In the 10- to 12-year-old group, the results of the regression analysis also showed that high self-reported PA was associated with higher age and lower SES, whereas high objectively measured PA was associated with lower HC. The result regarding age might be because children’s activity increases with growth in prepuberty. Furthermore, children from rural areas (lower SES) may be more active because they engage in more physical activity, such as walking to school. The negative association between physical activity and HC is consistent with the previously mentioned association between obesity and PA. In a study by Cozett and colleagues on factors influencing physical activity participation among 11–13-year-old school children in the Western Cape, South Africa, they found that parental and peer influence were the most important predictors of physical activity [51].

The negative association of SB with SES in the 10 to 12-year-old group suggests that children from low socioeconomic backgrounds spend a lot of time in sedentary activities such as watching TV and playing games on cell phones. Coombs and colleagues found an association between television viewing and low socioeconomic status among English children [14], as participants in the highest category socioeconomic class spent less time watching TV than participants in the lowest category socioeconomic class [14].

5. Limitation

The authors acknowledge certain limitations of this study. It was a cross-sectional study, so the direction of associations and causality could not be ascertained.

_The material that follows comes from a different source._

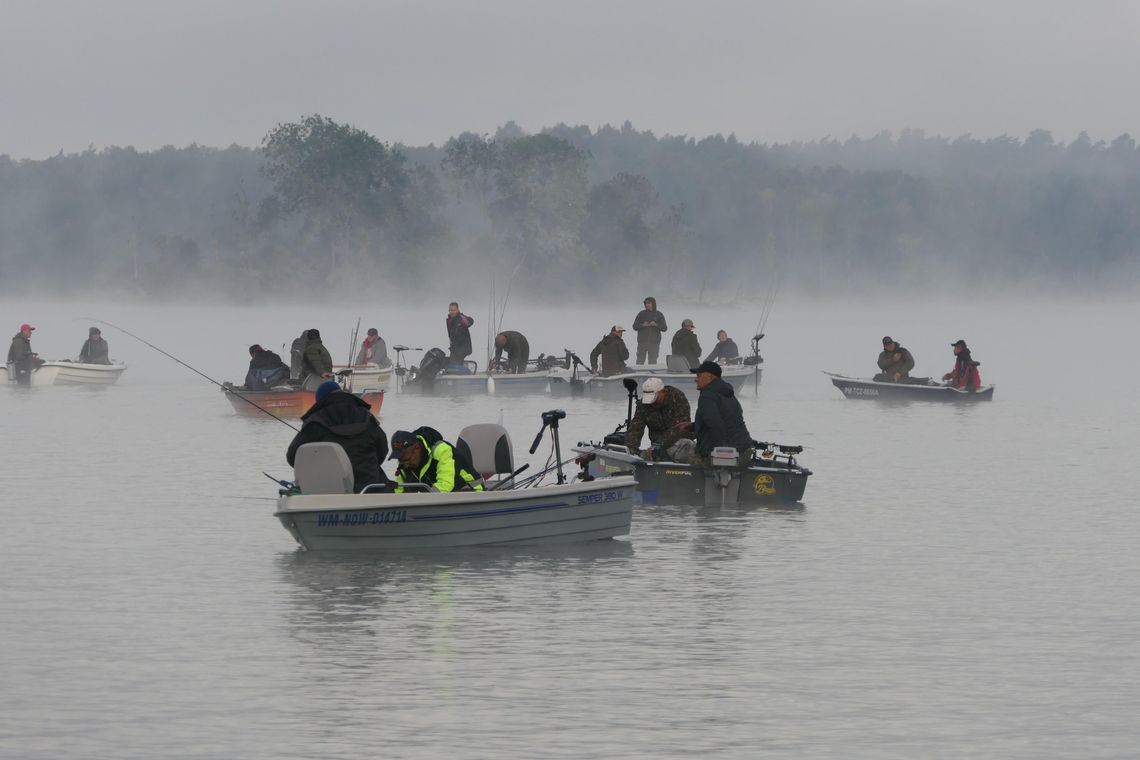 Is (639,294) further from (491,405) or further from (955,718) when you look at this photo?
(955,718)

The small number of participants that used pedometer made direct comparison of self-reported and objective PA results difficult.

We were unable to recruit enough participants to meet the required sample size for the pedometer, since the participants frequently misplaced the provided pedometers.

The use of questionnaires is also prone to recall bias. Recall bias was minimised by administering the questionnaires to few randomly selected participants and high degree of consistence was observed.

6. Conclusions

This study revealed that a high proportion of primary school learners in Lagos State, Nigeria, have high levels of PA. However, findings also showed children from high socioeconomic background and those with bigger hips are more likely to have low PA while children from low socioeconomic background are likely to spend more time in SB. This implies that government and stakeholders in the health promotion sector should strategize on educating parents in the high socioeconomic class on deliberate actions targeted at improving the PA of their wards. Furthermore, parents in the lower socioeconomic class should be encouraged to work on limiting their children’s a screen time activity of not more than 2 h daily, as research has suggested that longer periods of SB are linked to poor health consequences [13]. The link between watching television or engaging in other forms of leisure screen time and poor health outcomes is often stronger [13]. The result on PA’s inverse association with hip circumference also suggest the need to focus on obesity preventative measures. Finally, the government and other stakeholders in the Nigerian public health sector should implement policies and interventions to promote PA and reduce obesity and educate the public on the importance of healthy and active lifestyles. Efforts must be directed toward the full implementation of the National and Lagos State’s education policy, which mandate regular participation of pre-secondary school leaners in physical and health education (PHE) classes [52,53,54]. Health education can be an inspiration for participation in PA, and provision of quality physical education and a supportive school environment can promote healthy lifestyles, help prevent non-communicable chronic diseases (NCDs) and mental disorders and improve academic performance. Further research on the level of PA in different human developmental stages, including adolescents and adults, should be conducted in different communities in Nigeria.